1. Rumah Terbengkalai

25 6 0
                                    

Hela napas panjang Erin lakukan kala matanya, menatap sebuah rumah terbengkalai calon tempat tinggalnya selama bekerja nanti.

"Tenang, Om bantu bersihin rumahnya," tutur pria bergaya rambut cepak bernama Anton di sampingnya. Dia paman Erin. Adik kandung ibunya.

"Apa kamu tau rumah ini punya siapa?"

Erin masih berdiri diam memperhatikan rumah itu dan sekelilingnya. Gaya rumah tempo dulu yang khas, dinding bercat pudar mengelupas, jendela kaca model lama yang berdebu, dan halaman berhiaskan rumput-rumput tinggi, adalah pemandangan pertama hunian tersebut. Tak lupa, sebuah pohon rindang disertai ayunan tua dengan salah satu talinya telah putus, menjadi pelengkapnya.

"Kata ibuk, rumah ini punya neneknya tante Windi," jawab Erin menyebut nama istrinya.

Anton mengangguk. "Iya, itu bener. Rumah ini memang tua, tapi masih kokoh bangunannya. Tiga hari lalu Om periksa ke sini untuk mastiin. Air dan listrik pun masih berfungsi. Om juga udah ganti beberapa lampu yang rusak dan siapin kompor lengkap sama tabung gasnya."

"Ayok masuk," ajak Anton sembari berjalan ke pekarangan rumah dengan membawa tas milik Erin, dan kantung plastik berisi air minum juga bekal makan siang.

Di belakangnya, Erin menatap sekeliling tampilan rumah sekali lagi, dan tak sengaja melihat gorden jendela kamar yang tiba-tiba tersibak lalu terlihat sekelebat bayangan putih. Seketika, matanya membelalak.

"Erin! Ayo masuk!" seru Anton. Dia sudah berada di depan pintu. "Kamu ngapain berdiri di situ terus?"

Erin tersentak lalu berseru, "Iya, Om!"

Sebelum melangkah, Erin menoleh ke jendela tadi. Namun tak ada apa-apa. Ia menggelengkan kepala pelan lalu menghela napas dan segera menyusul Anton, dengan tas dipunggung dan satu tangan menyeret koper.

Erin dan paman Anton duduk di kursi kayu setelah mereka lap menggunakan sapu tangan, sebab debu yang begitu tebal.

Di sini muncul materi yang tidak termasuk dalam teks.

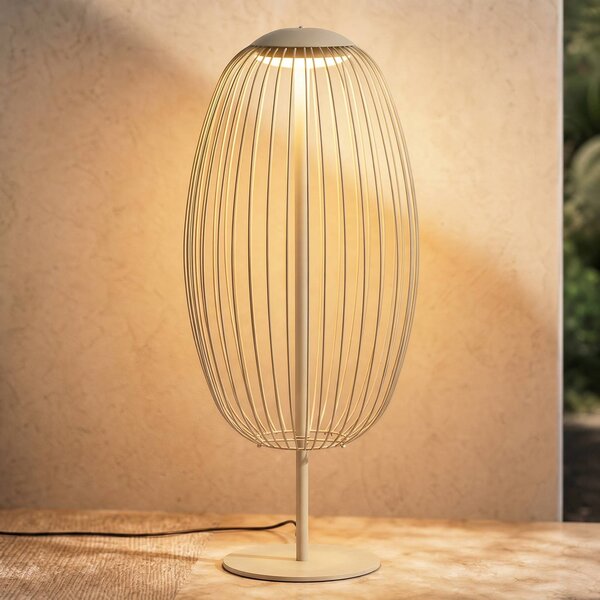 Lampada da terra esterno a LED Lucande Richi, beige, altezza 90 cm, IP44 Richi, Crema / Ambra, Metallo, Moderno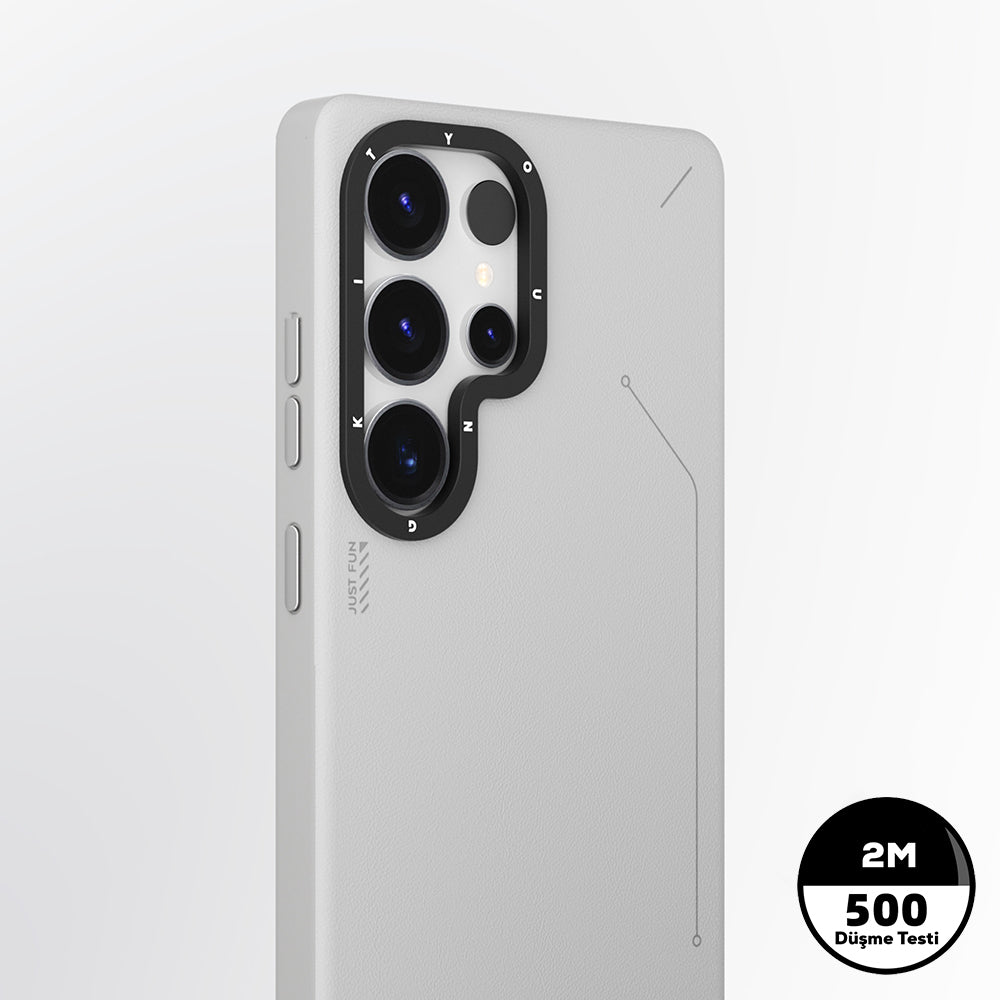 Galaxy S25 Ultra Kılıf M-safe Şarj Özellikli Basit Mat Deri Desenli Youngkit Tech Fashion Serisi Kapak Siyah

Keduanya minum air dari botol di plastik dan beristirahat sesaat guna mengumpulkan tenaga.

"Udah beberapa generasi sejak rumah ini dibangun. Kenapa masih terlihat kokoh? furniture di sini juga nggak terlihat berasal dari puluhan tahun yang lalu," ucap Erin sambil melihat sekeliling ruang tamu.

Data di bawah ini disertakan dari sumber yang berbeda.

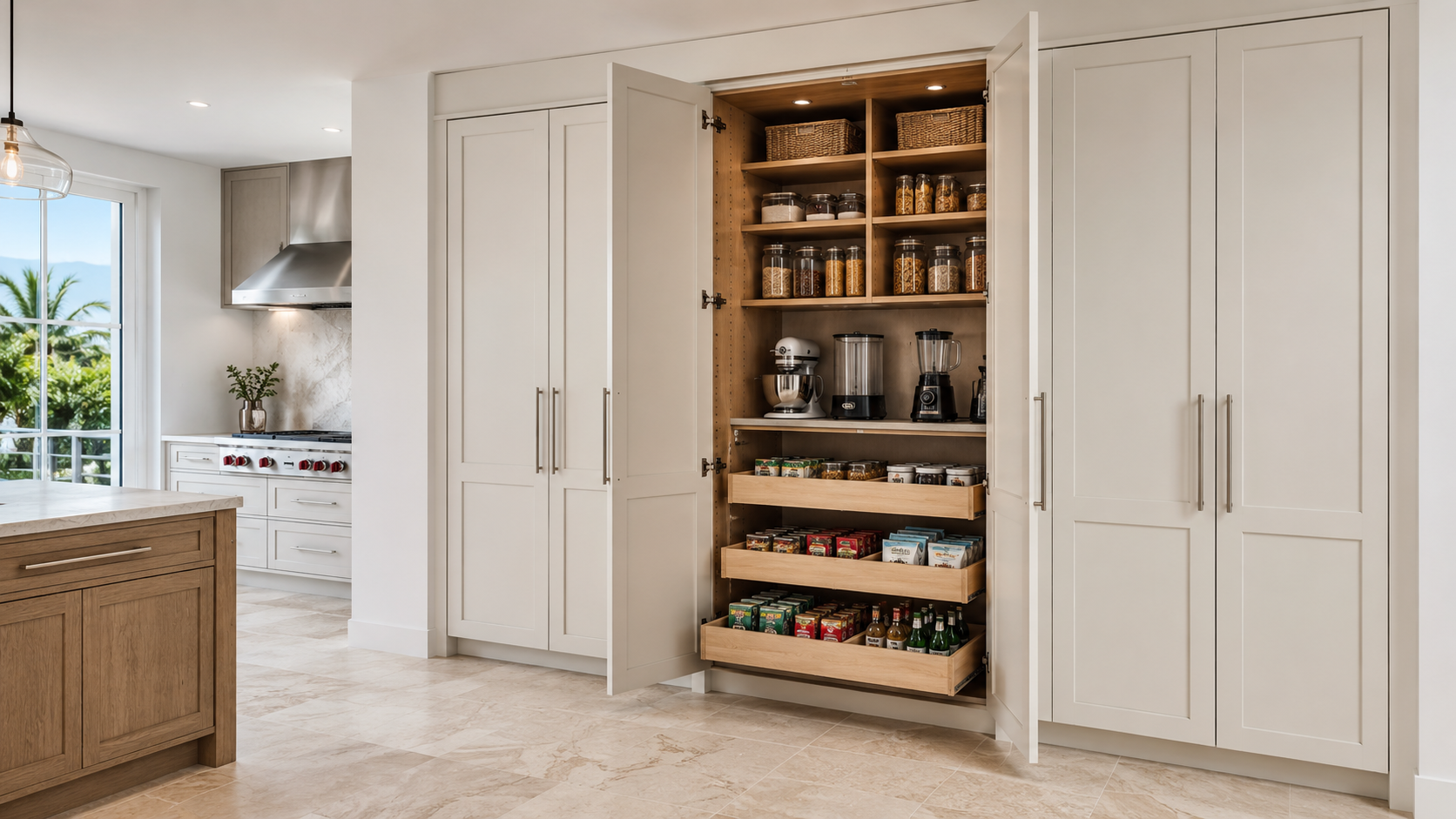 Full-height warm-white pantry cabinets with pale-oak shelving, small-appliance storage, and three internal roll-out trays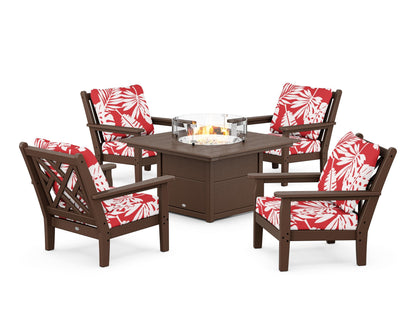 POLYWOOD® Chippendale 5-Piece Deep Seating Set with Fire Pit Table in Mahogany / Leaf Crimson
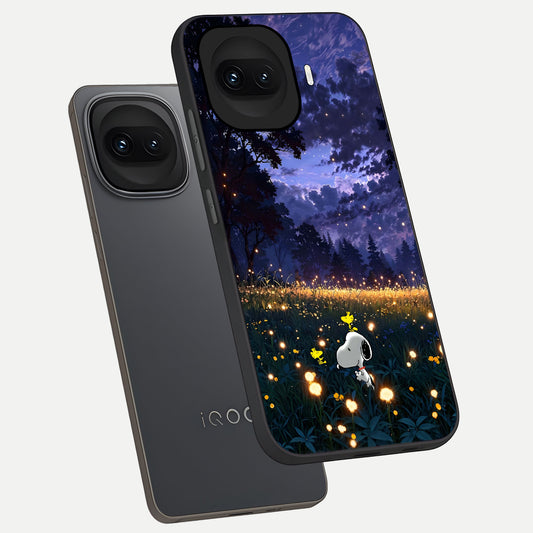  Firefly Meadow Magic phone case for iQOO 15R showing premium glass back cover with detailed artwork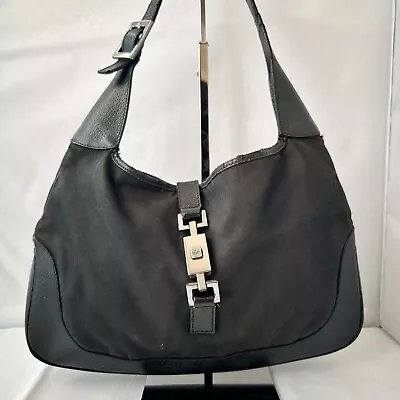 Bolso de Hombro Gucci Jackie Negro Plata Nylon Cuero ¡Auténtico! Foto 1 de 4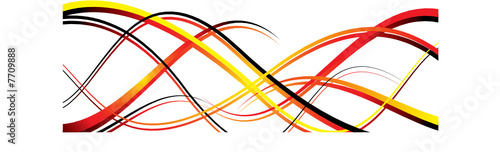 Abstract wave design in red and yellow with copy space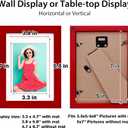 KINLINK 5x7 Picture Frame Red, Solid Wood Frames with Acrylic Plexiglass for 3.5x5/4x6 with Mat or 5x7 without Mat, Tabletop and Wall Display Photo Frame Set of 4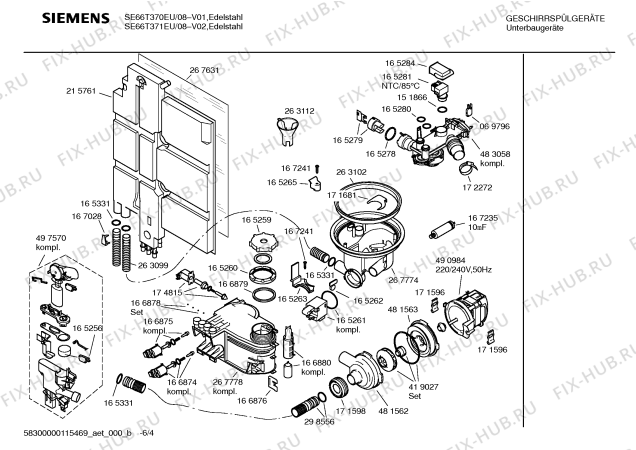 Схема №6 SE66T371EU с изображением Рамка для посудомоечной машины Siemens 00439904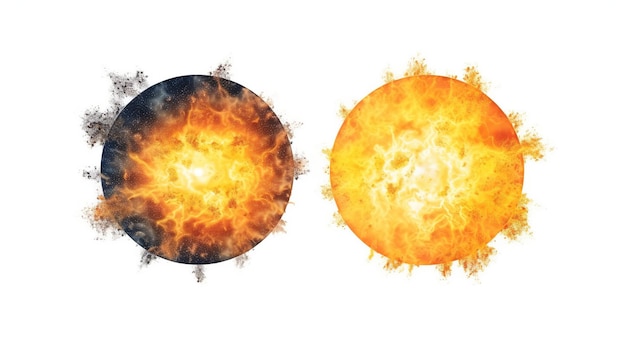 Un dibujo de dos sol y fuego.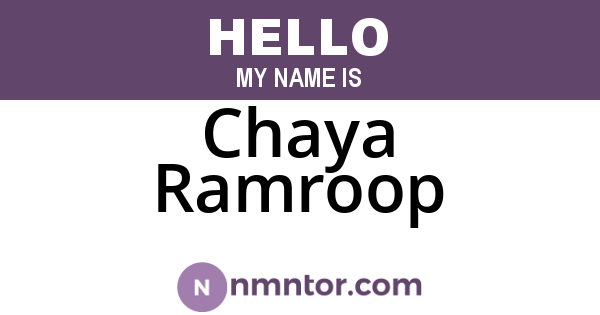 Chaya Ramroop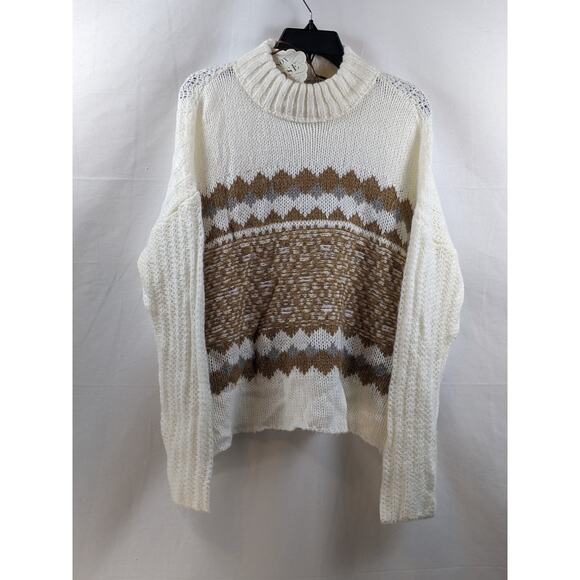 Knox Rose Fair Isle Sweater Mock Turtleneck Ivory L Knit Drop Shoulders Pullover - Picture 4 of 9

Anton melirik Erin sesaat lalu berkata, "Karena rumah ini udah beberapa kali direnovasi tanpa merubah bentuk aslinya, dan furniture udah diganti."

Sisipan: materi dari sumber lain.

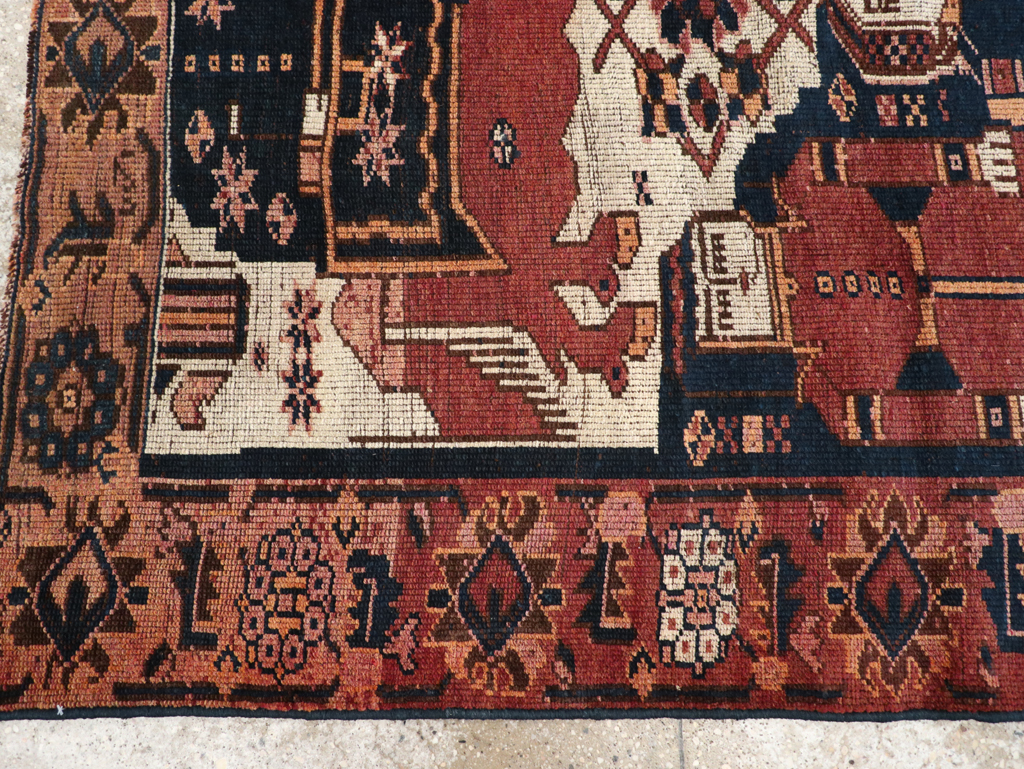 Vintage Persian Bakhtiari Pictorial Rug, No.28358 - Gsblank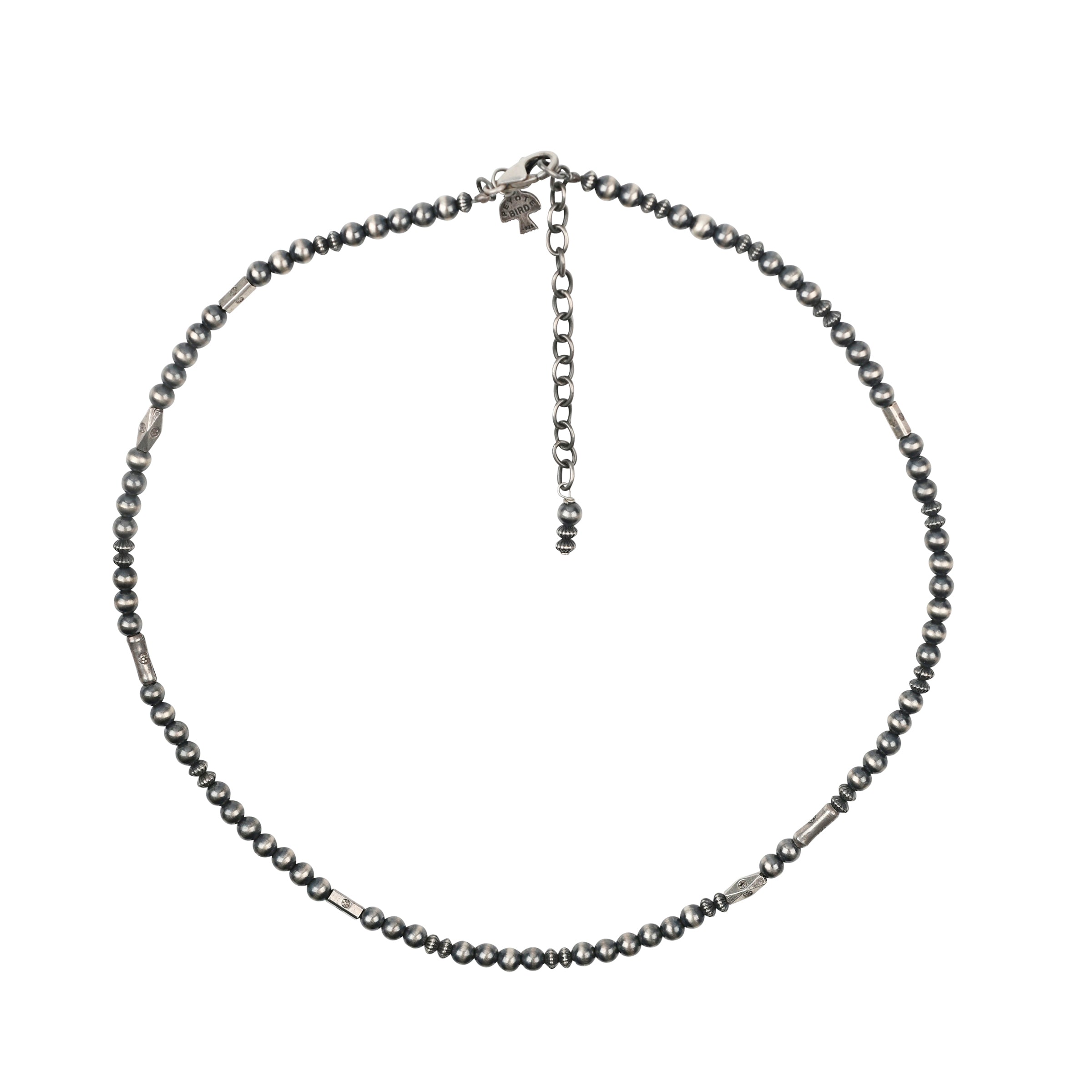 A Peyote Bird Original beaded necklace featuring Desert Pearls, stamped Sterling Silver Thai beading and fully adjustable for a versatile fit.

"Terakhir ditempati tiga tahun lalu, sama adik perempuan dari tante kamu selama tiga bulan, sebelum akhirnya pindah ke luar negeri ikut suaminya yang WNA," lanjut Anton.

"Karena itu, masih ada sapu, alat pel, dan kemoceng untuk bersih-bersih."

Erin melihat sekitar. "Di mana, Om? nggak ada di sini."

"Ada di dapur. Om lihat waktu ngecek ke sini," sahutnya lalu segera berdiri. "Yaudah, Om ambil dulu."

Tak lama kemudian, saat Erin sedang berdiri di dekat jendela yang bingkai dan kacanya memiliki banyak debu, Anton datang. "Rin!"

Erin menoleh. "Huh?"

"Nih lihat, masih layak pakai, 'kan? Di lemari kaca kecil di dapur juga Om lihat ada beberapa lap bersih." Anton memegang tiga benda yang tadi dia sebutkan.

"Wah, syukurlah. Enggak harus beli, deh." Erin tersenyum senang.

Anton menyandarkan benda-benda tersebut ke dinding. "Sekarang kita keluarin barang-barang kamu dulu. Terus meja, kursi, lemari kecil, dan yang lainnya. Setelah itu baru disapu dan dipel lantainya, dan kaca juga harus dilap. Kalau ruang depan ini udah, kita lanjut ke ruang tengah, dapur, dan kamar yang kamu pilih."